After the incident, several Trump administration officials described Good as a “domestic terrorist,” accusing her of trying to ram Ross with her vehicle. But a video analysis by the New York Times showed no indication that he had been run over.

Senior Justice Department officials have repeatedly said there are no plans to follow the path normally taken in such situations and pursue an investigation into whether Ross, who fired multiple shots at Good, had used excessive force.

Federal investigators have also refused to cooperate with state and local prosecutors in Minnesota, complicating any efforts they might take to open their own investigations into Ross.

Instead of allowing Mergen to work with the U.S. attorney’s office in Minneapolis to investigate Ross, the Justice Department has decided to investigate Good and her partner, Becca Good, scrutinizing their possible ties to left-wing protest groups in Minneapolis.

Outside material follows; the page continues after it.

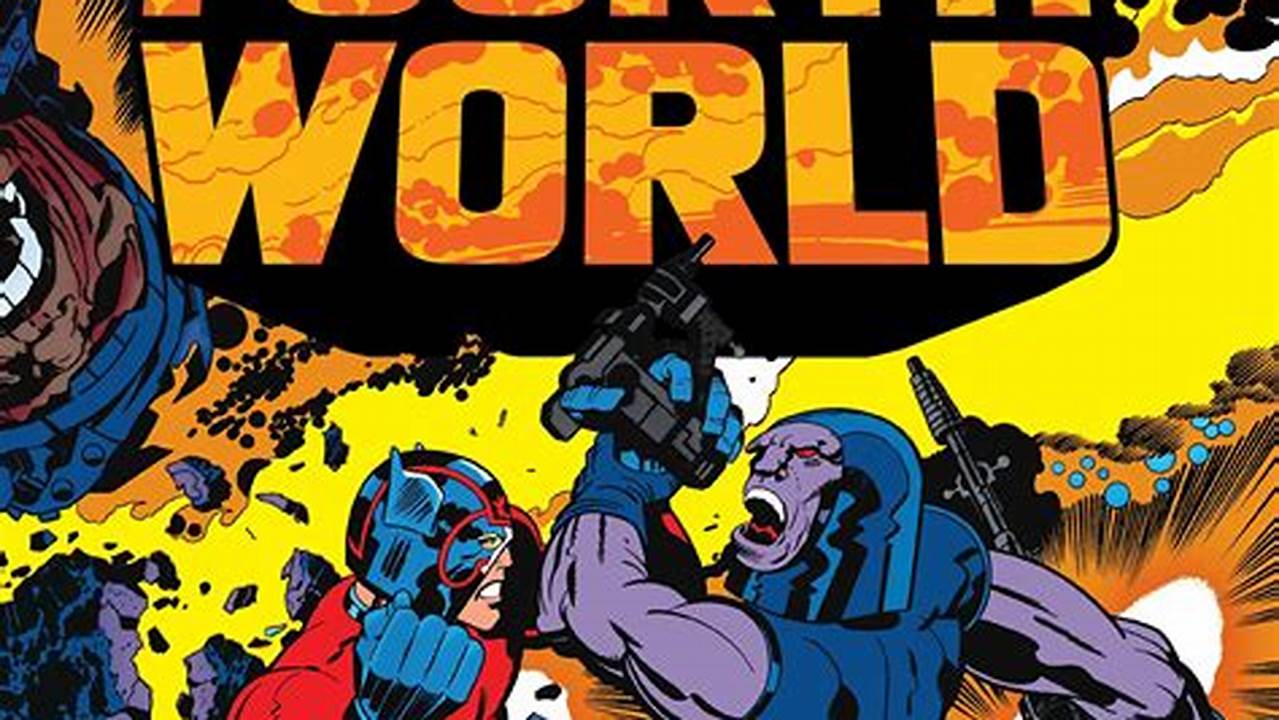 New Releases And Popular Books, Including Jack Kirby&#039;s Fourth World Omnibus, Vol., 2024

That decision prompted at least six senior prosecutors in the office to resign in protest.

Cindy Burnham, a spokesperson for the FBI office in Minneapolis, declined to comment on Mergen’s resignation.

In a separate move, the Justice Department has opened an investigation into several elected Democrats in Minnesota in an effort to determine whether they may have conspired to impede the Trump administration’s immigration enforcement actions in the state. As part of that inquiry, the department issued subpoenas this week to the offices of Gov. Tim Walz, Mayor Jacob Frey of Minneapolis and Mayor Kaohly Her of St. Paul, among others.

Moreover, the Justice Department has started cracking down on protesters who have opposed the Trump administration’s aggressive immigration enforcement push in Minnesota.

On Thursday, prosecutors filed conspiracy charges against three people who were involved in interrupting a church service in St. Paul to protest a pastor’s apparent work as an Immigration and Customs Enforcement official. According to a criminal complaint, the three defendants — Nekima Levy Armstrong, Chauntyll Louisa Allen and William Kelly — “intimidated, harassed, oppressed and terrorized the parishioners.”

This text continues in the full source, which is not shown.